Where is the class? Where is the mass of the class? In the unions. Indeed only through the unions can the party exercise the proletarian dictatorship. History has not given us any other way of doing it. Surely, in formulating our policies, experience of the class, past and present, are the facts we have to rely on.
We must look for other reasons to see as to why this policy was formulated.
If we look at the comrades who form the IWCA and its sponsors we see that they are also part of the communities they are talking of. If we look at the history of their struggle, we see that they are finding it as good as impossible to break the stranglehold of the Trade Union bureaucracy in organising the working class in Trade unions.
These are the real grounds, which give rise to this policy. Theorizing on the basis of the narrow conditions you find yourselves in, you come up with the idea that the thing to do is to be community oriented and be, in time, community based, not trade union based.
Certainly, not to utilise the work of the comrades who find themselves in such conditions would be wrong. Their natural conditions, so to speak, avail them of achieving the most in organising the working class in “communities”(the ethnic minorities, the unemployed, workers in small enterprises and offices etc.) they should of course work there. Comrades have to work in conditions that connect them to the masses and if the comrades whom IWCA can reach are the ones who are “stuck” “in the communities”, you must certainly find the modes of organisation and action which are most suitable to those conditions and leave no grounds for the enemies of the working class to work in, leave them no vacuum to fill.
Indeed, if we are going to be the ones who are going to organise the working class to achieve power and we find ourselves “stuck in the communities”, what choices do we have but to start there. There is nothing wrong in starting where we have to start and we can start, so long as we know what we want to achieve, and understand that so long as we end up being “stuck in the communities”, we are going nowhere. If, of course, our ultimate aim is to achieve the political power of the working class.
Say, community work is where I can achieve the best results and this is where I shall work to achieve the best results and yet, so long as the organised section of the class is dominated by the trade unionists, if we can not break their monopoly and find ways and means of doing so, we are as good as doomed.(Maybe, and that is a big maybe, this work in the communities could give us these means of breaking their monopoly. Although, the work in the communities could most certainly not give us any such means if it is carried out with the above comprehension of our work in the class.
Say, I have an aim-that of assuming power- and I know the place that will occupy my work in achieving this aim; that this community orientated work is but a part of the whole which must be done and I will do it to achieve our common aim. Do not say the whole work must be community based and leave the trade unions, trade union organisations, to the bourgeoisie. Just because you have not been able to do it, you have not been able to break the stranglehold of the bourgeois trade unionists in the trade unions it does not mean that achieving this is not the most important, the determining element of our work in the class.

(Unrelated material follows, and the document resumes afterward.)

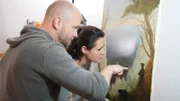 Tim Ernst und Anna Bungenberg bei der Anfertigung der Kopie des Meisterwerkes „Kreidefelsen auf Rügen“ von Caspar David Friedrich.
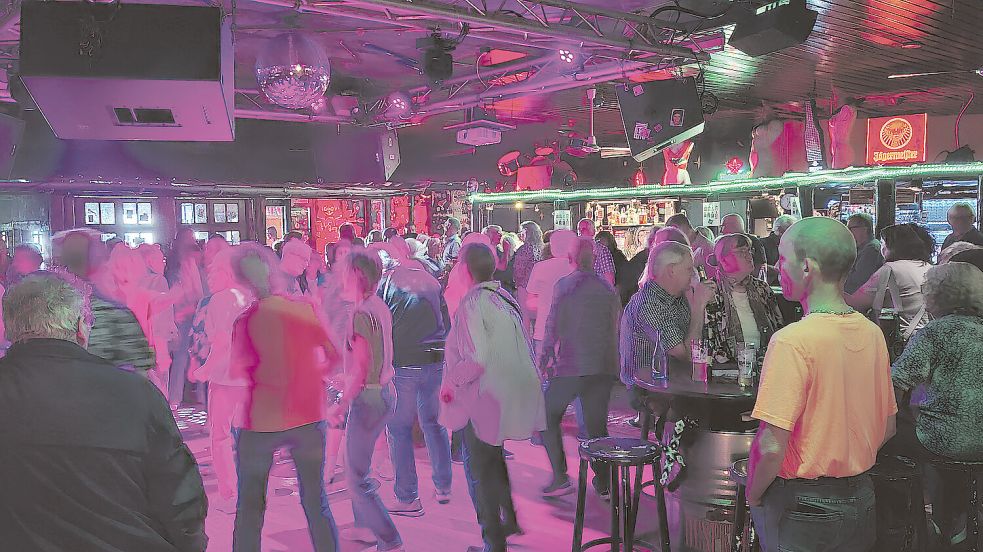 Gut besucht war die zweite „DiscoÜ55“ in der Diskothek Limit im Gewerbegebiet Ihrhove-Nord. Foto: Seniorenbeirat Westoverledingen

This does not negate the importance of the work you are talking of, nor does it hide the fact that as unemployment continue to rise, as the flight of the workers from the unions continue, it will become more and more important. But it certainly does not mean that we should take part in encouraging the flight of the workers from the unions. It does not mean that we must organise them not in the unions but in the “community organisations”. We must organise the workers in the unions and brake the domination of the unions by the bourgeois trade unionists. We either do that or we are nothing. There is no class we can rely on but the proletarians in this country, and there is no better mass organisation for them but the unions.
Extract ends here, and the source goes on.